What the task asks →
Pictures aside, please retype the whole listing word for word.

--- Given information ---

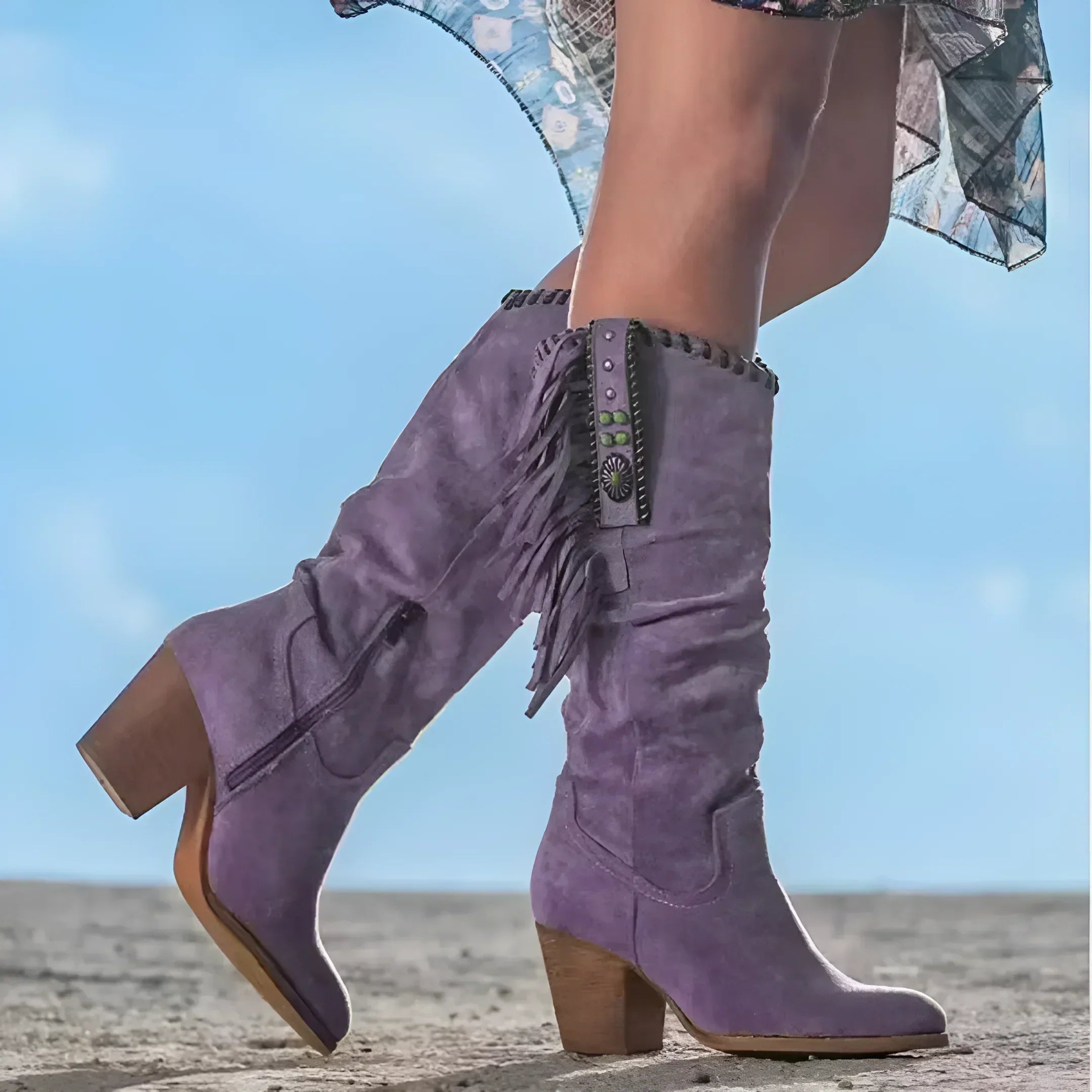 Bottes western à franges montant jusqu’au milieu du mollet pour femme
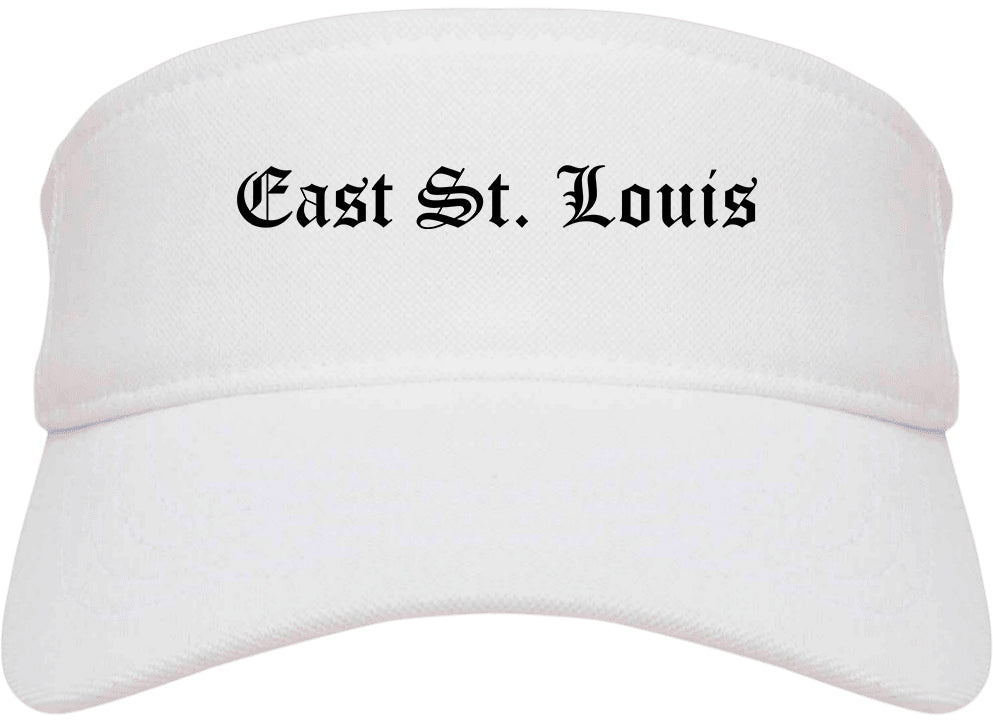 East St. Louis Illinois IL Old English Mens Visor Cap Hat White
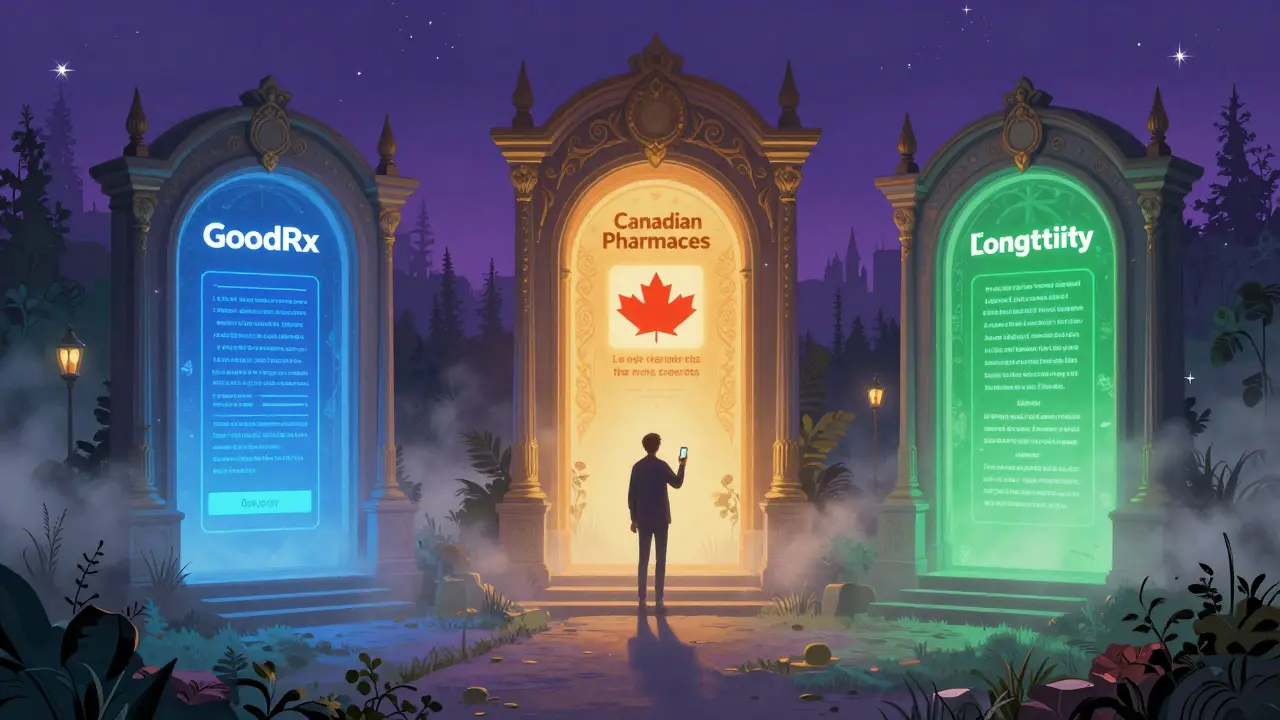 Scène fantastique montrant les options d'économie sur les médicaments en ligne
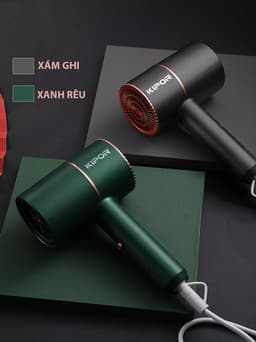 Thumbnail Máy sấy tóc mini KIPOR 2 chiều nóng lạnh bổ xung ion, Công suất lớn, tạo kiểu tóc chuyên nghiệp - Hàng chính hãng 1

---

Exercise answer →
 Bottes western à franges montant jusqu’au milieu du mollet pour femme
 East St. Louis Illinois IL Old English Mens Visor Cap Hat White
 Scène fantastique montrant les options d'économie sur les médicaments en ligne
 Thumbnail Máy sấy tóc mini KIPOR 2 chiều nóng lạnh bổ xung ion, Công suất lớn, tạo kiểu tóc chuyên nghiệp - Hàng chính hãng 1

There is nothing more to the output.